Work item:
Copy nothing from the entries below except the lines from the one containing "Nike Black and Blue Athletic Cleats" through the one containing "Used 2020 Ford Explorer Limited image 22", and copy those exactly.

Recorded information:

·····

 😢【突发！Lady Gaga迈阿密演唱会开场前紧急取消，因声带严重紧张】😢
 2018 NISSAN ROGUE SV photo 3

·····

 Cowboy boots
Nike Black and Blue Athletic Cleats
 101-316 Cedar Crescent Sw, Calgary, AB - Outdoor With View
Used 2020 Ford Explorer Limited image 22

·····

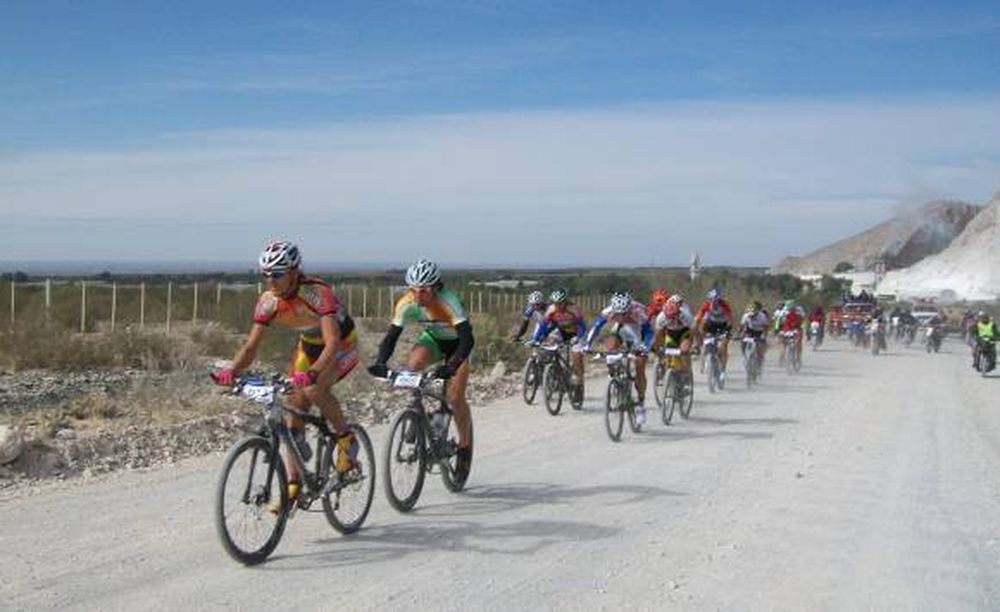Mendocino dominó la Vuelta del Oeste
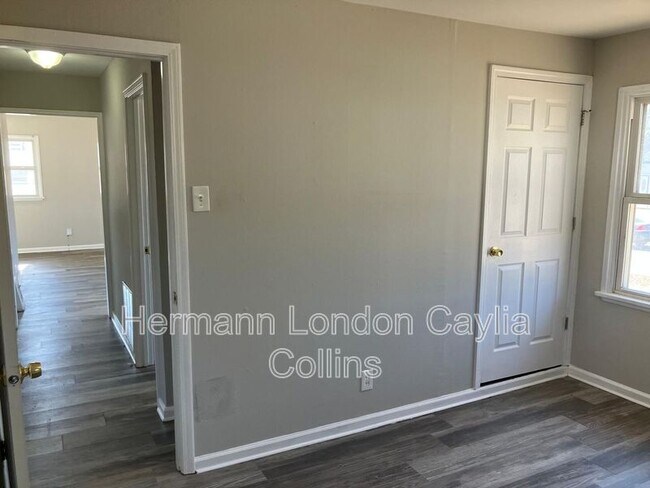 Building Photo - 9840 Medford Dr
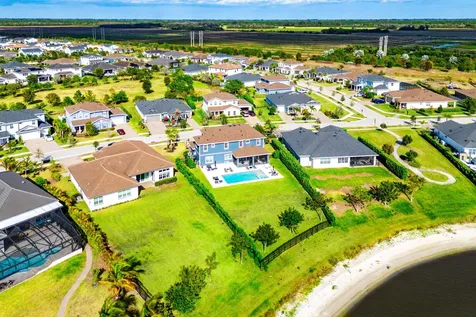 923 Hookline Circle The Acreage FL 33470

·····

Answer to this problem:
Nike Black and Blue Athletic Cleats
 101-316 Cedar Crescent Sw, Calgary, AB - Outdoor With View
Used 2020 Ford Explorer Limited image 22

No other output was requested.